The core scientific challenge was to determine whether the observed reduction in Munich was compatible with a near-exclusively foodborne transmission model and to reconcile the conflicting signals between the two surveillance modalities (clinical cases vs. wastewater) and the two geographic scales.

2. Methodology

To address these discrepancies, the authors developed a comprehensive modeling framework:

• Stochastic, Individual-Level Agent-Based Model (ABM): The researchers constructed a model simulating HEV transmission, viral shedding, and case ascertainment at the individual level within the Munich population. This allowed for the incorporation of heterogeneity in behavior and transmission routes.
• Approximate Bayesian Computation (ABC): Since HEV is often under-reported and likelihood functions can be complex, the team used ABC for parameter inference. This method allows for model calibration by comparing simulated data against observed data without requiring an explicit likelihood function.
• Calibration Strategy: The model was calibrated to data from 2020–2023 using three distinct approaches:
  1. Calibration against wastewater data alone.
  2. Calibration against reported clinical case data alone.
  3. Joint Inference: Simultaneous calibration against both wastewater and case data to leverage the strengths of both surveillance streams.

3. Key Contributions

• Integration of Multi-Source Data: The study demonstrates a novel framework for combining wastewater-based epidemiology (WBE) with traditional clinical surveillance to infer transmission dynamics for pathogens that are frequently under-reported.
• Resolution of Surveillance Discrepancies: It provides a mechanistic explanation for why different data sources (and different catchment sizes) yielded conflicting signals regarding HEV trends during the pandemic.
• Quantification of Lockdown Impact: The study moves beyond qualitative observation to provide quantitative estimates of how non-pharmaceutical interventions (NPIs) affected a pathogen not typically associated with person-to-person transmission.

4. Key Results

• Significant Transmission Decline: Posterior parameter estimates from the joint inference model revealed a substantial reduction in HEV transmission during lockdown periods.
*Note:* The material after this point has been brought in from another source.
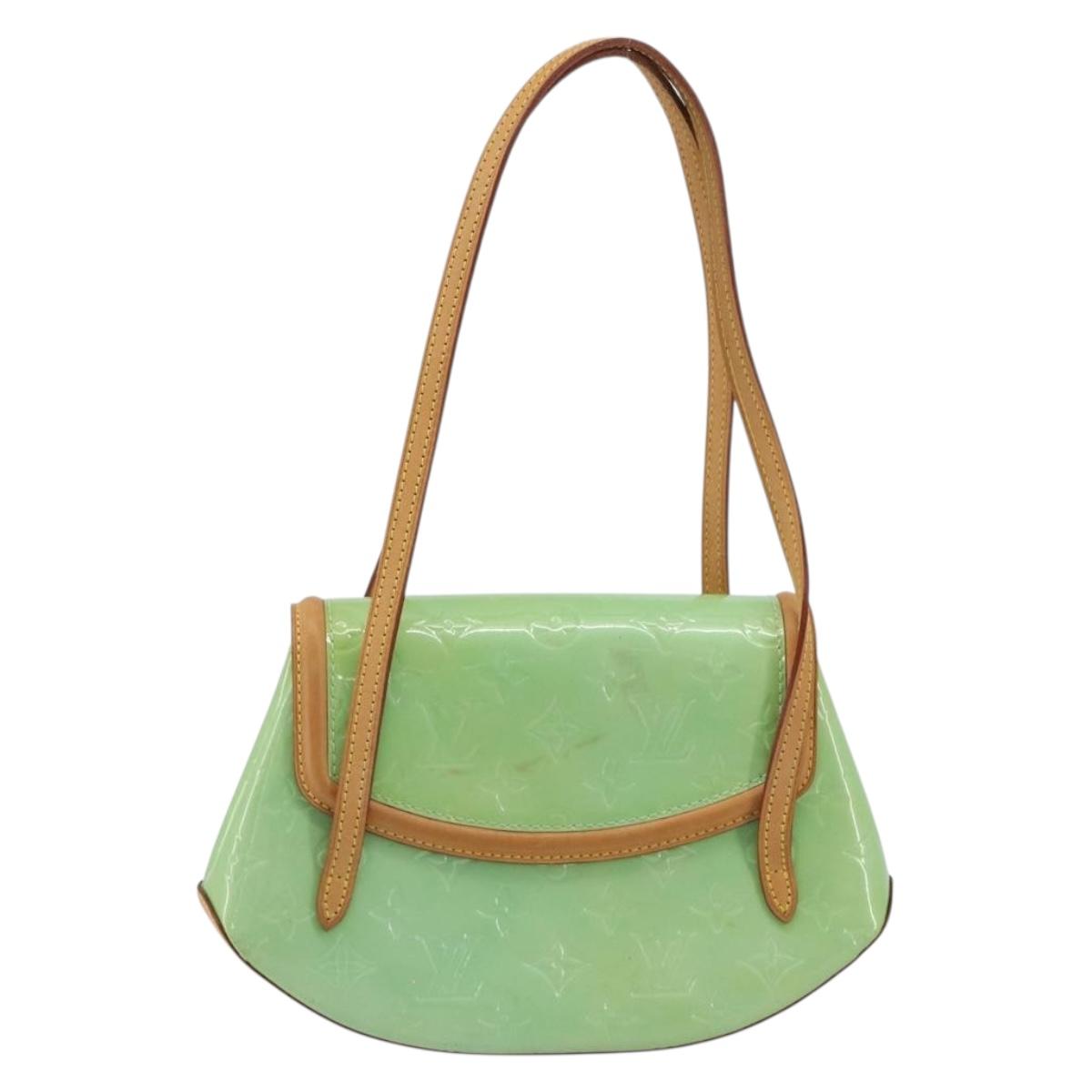 LOUIS VUITTON Vernis Biscayne Bay PM Shoulder Bag Peppermint M91289 Auth ep15577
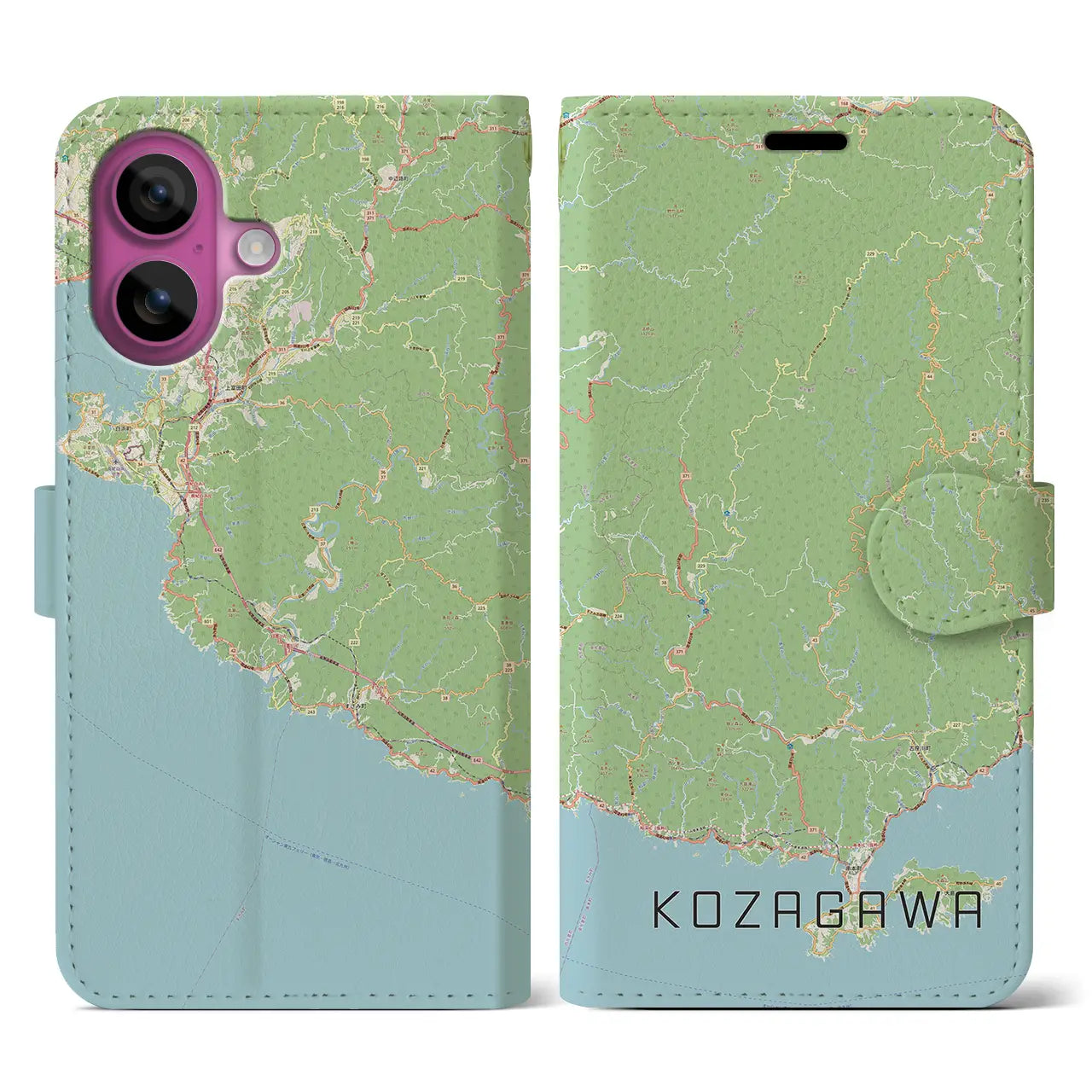 【古座川(和歌山県)】地図柄iPhoneケース(手帳タイプ)ナチュラル・iPhone 16 Pro 用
Transmission rates dropped to approximately 35–40% of the non-lockdown baseline.
• Statistical Significance: The 95% credible interval for this reduction was entirely below 1, confirming that the decline was statistically significant and not a random fluctuation.
• Explanation of Conflicting Signals:
  • Clinical Data: The lack of a visible decline in reported cases in the smaller catchment was attributed to a modest increase in diagnosis probabilities during lockdowns (likely due to increased healthcare seeking or testing focus), which masked the underlying drop in transmission.
  • Small Catchment Wastewater: The absence of a decline in the smaller catchment's wastewater data was attributed to higher measurement variability (noise) inherent in smaller sample sizes, which obscured the signal of reduced viral load.
• Foodborne Compatibility: The findings suggest that while HEV is primarily foodborne, the specific behavioral changes during lockdowns (likely related to food supply chains, dining habits, or reduced travel to endemic regions) were sufficient to disrupt transmission significantly.

5. Significance

This research highlights the critical value of wastewater-based surveillance as a complementary tool to clinical reporting. For pathogens like HEV, where clinical data is often sparse or biased by testing behaviors, wastewater data provides a more robust, population-level signal. By integrating these data streams into agent-based models, public health officials can achieve more accurate parameter inference, leading to better-informed risk assessments and more effective responses to future outbreaks or behavioral shifts in the population.